• [What the exercise asks] Exactly as written, please repeat the data that follows, but not the pictures.

Crawled caption data
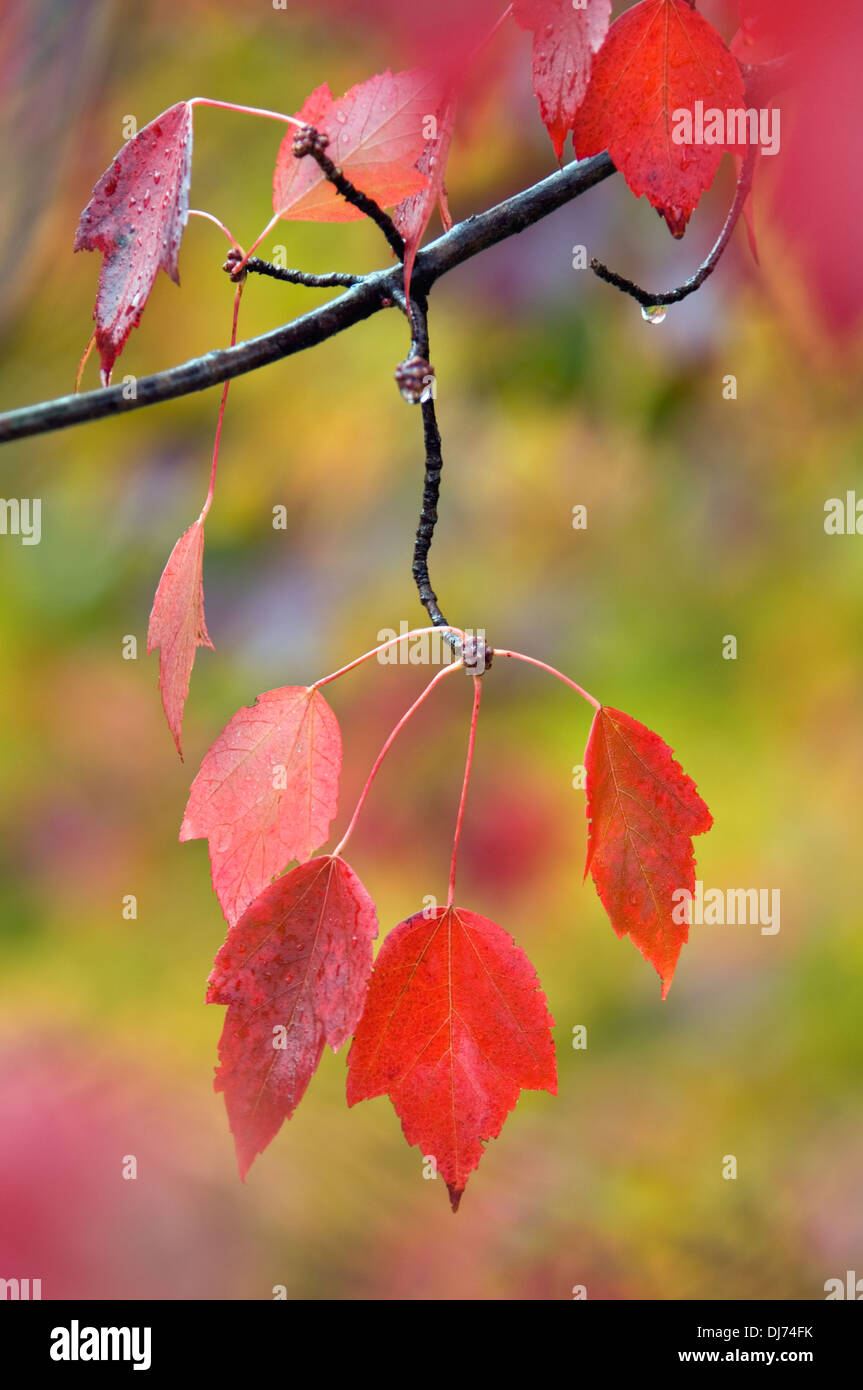 Wet Red Maple Leaves on Tree with Autumn Color Stock Photo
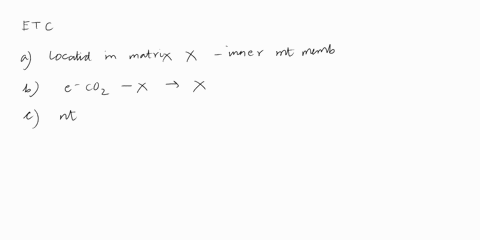 the-electron-transport-chain-a-is-located-in-the-matrix-of-the-mitochondrion-b-has-the-electronegati-79592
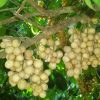 Bibit duku varietas super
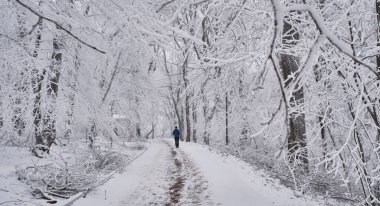 Winter cityscape. Snow-covered Cascade staircase of the park is a tourist attraction of the resort town Zheleznovodsk, Russia.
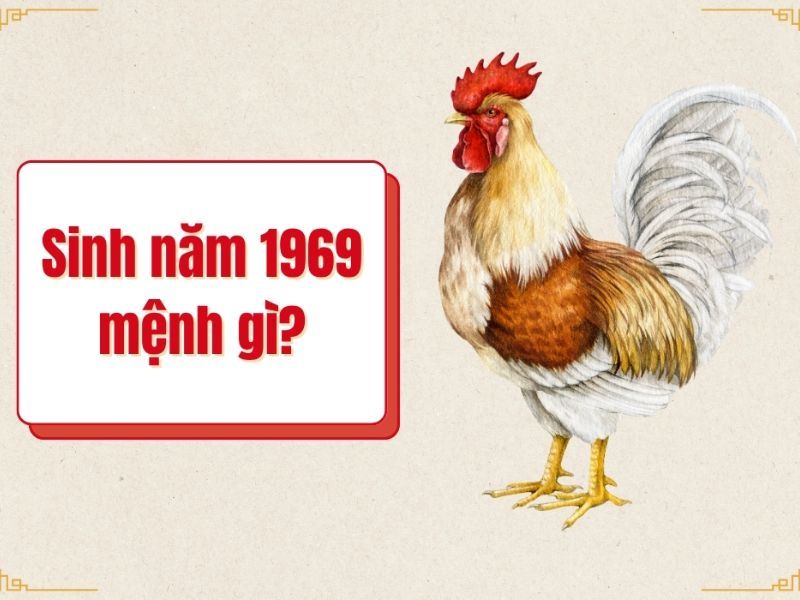 Sinh năm 1969 mệnh gì? Hợp màu, hướng và tuổi nào nhất?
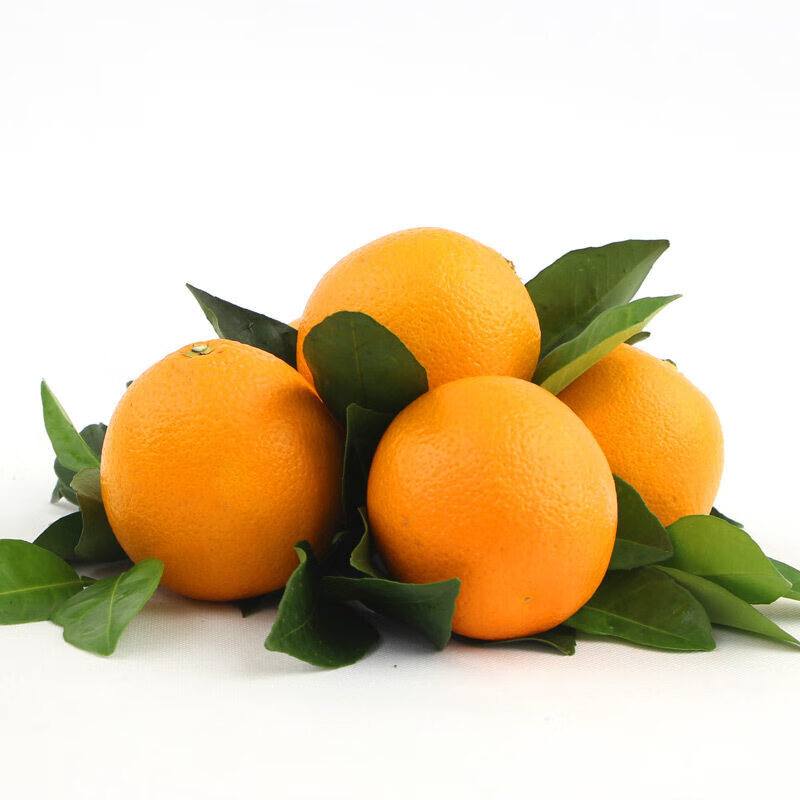 秭归原产脐橙现摘新鲜水果当季橙子甜橙爆汁红橙 9斤中果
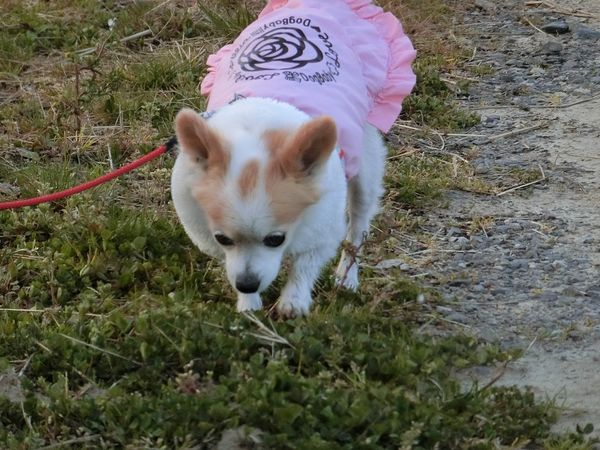 f:id:maronmame:20190317174249j:plain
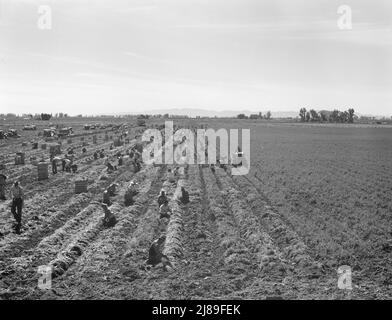 Vicino a Meloland, Valle Imperiale. Agricoltura su larga scala. Lavoro di banda, messicano e bianco, dal sud-ovest. Tirare, pulire, legare e cravatta carote per il mercato orientale per undici centesimi per cassa di quarantotto mazzi. Molti possono fare appena un dollaro un il giorno. La forte eccesso di offerta di lavoro e la concorrenza per i posti di lavoro sono desiderosi. Foto Stock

• [Completed exercise]
 Wet Red Maple Leaves on Tree with Autumn Color Stock Photo
 the-electron-transport-chain-a-is-located-in-the-matrix-of-the-mitochondrion-b-has-the-electronegati-79592
 Bibit duku varietas super
 Winter cityscape. Snow-covered Cascade staircase of the park is a tourist attraction of the resort town Zheleznovodsk, Russia.
 Sinh năm 1969 mệnh gì? Hợp màu, hướng và tuổi nào nhất?
 秭归原产脐橙现摘新鲜水果当季橙子甜橙爆汁红橙 9斤中果
 f:id:maronmame:20190317174249j:plain
 Vicino a Meloland, Valle Imperiale. Agricoltura su larga scala. Lavoro di banda, messicano e bianco, dal sud-ovest. Tirare, pulire, legare e cravatta carote per il mercato orientale per undici centesimi per cassa di quarantotto mazzi. Molti possono fare appena un dollaro un il giorno. La forte eccesso di offerta di lavoro e la concorrenza per i posti di lavoro sono desiderosi. Foto Stock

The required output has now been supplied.